"Acquisition frequency should pick up for WCN in late ‘18, as the integration of Progressive Waste nears its total completion."
As a truly rare occurrence, the prediction was rather spot on. Waste Connections has finally begun utilizing its greatest strength again, capital allocation for acquisitions. At the start of the Q3-2018 conference call, CEO Ron Mittelstaedt announced the company's fourth largest acquisition ever, and by far, the largest year to date. In addition, WCN just priced $500 million in bonds. We argue that this deal reverts Waste Connections back to its previous corporate agenda. Rather than the current focus on pricing and volume in line with peers, Waste Connections is again a premium player due to its capital allocation. We predict higher volatility, greater upside, and that investors should increasingly refocus on deal multiples.
As a semi-confirmation, Waste Connections has recaptured its throne as the most volatile of the big three.
10-day Volatility: RSG + WM + WCN. Courtesy of Bloomberg. Republic (yellow) had been slightly leading in volatility for 2018, but recent corporate actions have made WCN (white) pull ahead.
The deal is described as a multi-market collection-oriented company with annualized revenue of approx. $175 million that operates across three states, of which two are new markets. When further pressured for details, it was revealed that:
1. The acquisition operates primarily in competitive markets, not franchised markets.
2. Of the acquired markets, 2/3 are new.
3. The old market almost functions as a tuck-in acquisition. There are already disposal assets in the market.
4. Collection margin in the 25% range.
5. The target is number one or two in most of their markets.
6. Not West-to-Colorado geographically.
What can be deduced from these 6 data points in relation to the price?
My first takeaway is that the market initially seems to be North-East. Given the size, only a few companies seem eligible. My estimate would be that the new markets are either the State of Virginia and the State of West Virginia or Ohio and Pennsylvania. If it's Virginia and West Virginia, that could lead to a potential long-term merger/acquisition between WCN and Advanced Disposal Services (ADSW).
The second take-away is the obvious opportunities for integration/internalization of disposal. Waste Connections almost never acquires a company without materially improving its operating performance. Internalizing disposal assets would boost both EBITDA margins and consolidated returns on deployed capital.
The collection margin is quite strong for a competitive market, which hints at strong assets, management, and safety. These are actually bad news, given that WCN often enjoys a tremendous operating boost from introducing its own operating procedures. On the flip-side, there will be lower divestment activity post-acquisition, to shed unusable revenue.

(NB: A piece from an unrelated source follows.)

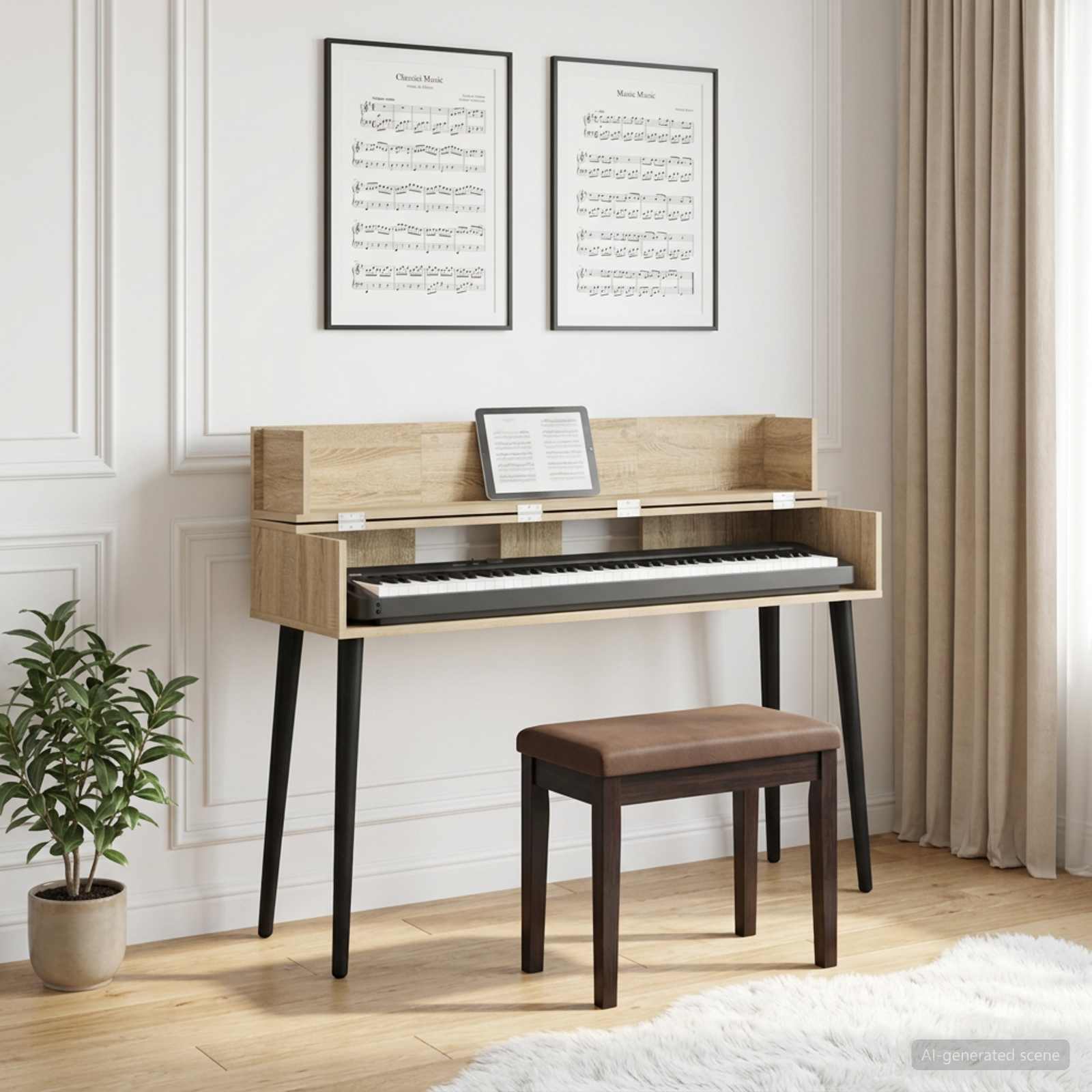 studiobureau Sonoma Eiken 152 x 40 x 19,5 cm Bewerkt hout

The acquisition will be fairly large. At ~175m in revenues, they will produce roughly 50mm EBITDA. At a fair multiple range of 6-9x, the price is at least $300m but could be in excess of $400m if the assets are truly high quality. The price is slightly in excess of 50% of generated cash flows for the year. Add in that WCN already pays a dividend, raised the dividend 14.3%, and has acquired multiple other assets, it's clear to see that WCN must take in additional capital, which leads us to the next piece of news.
Waste Connections planned to raise $400m but decided to scale to $500m as the market demand was apparently in excess of expectations. The demand even led to lower-than-expected rates on the over-sized offering. Specifically, the bond is a 10-year maturity with a 4.25% coupon, fixed. The principal is structured as a bullet-type payment. The interest at 4.25% is higher than some peers have managed, but the bond's callable nature might be some of the excess interest. The bond is sizable and seemingly in line with previous offerings in terms of interest.
The interest in the debt is not so much the actual bond offering is material, but that WCN is finally beginning to "utilize their secret sauce" of raising cheap capital and putting it to work with both discipline and tuck-in acquisition capabilities.
Waste Connections have finally begun utilizing their expertise in deal-making to continue rolling up smaller operators at great economics of scale advantages.
The new acquisition opens up two entirely new markets' worth of M&A opportunities. The acquisition is unfortunately in competitive markets and already an efficient operation, but internalization and tuck-ins should promote margin improvement.
The debt offering demonstrates adequate access to capital as acquisition fuel.
All in all, the two deals reaffirm our initial view of WCN as an acquisition juggernaut and right on schedule.
As an aside, there should be an extremely robust pipeline for M&A in the coming 18 months, so we expect a plethora of deals if the proceedings on the current deal run smoothly.
Disclosure: I/we have no positions in any stocks mentioned, and no plans to initiate any positions within the next 72 hours.
I wrote this article myself, and it expresses my own opinions. I am not receiving compensation for it (other than from Seeking Alpha). I have no business relationship with any company whose stock is mentioned in this article.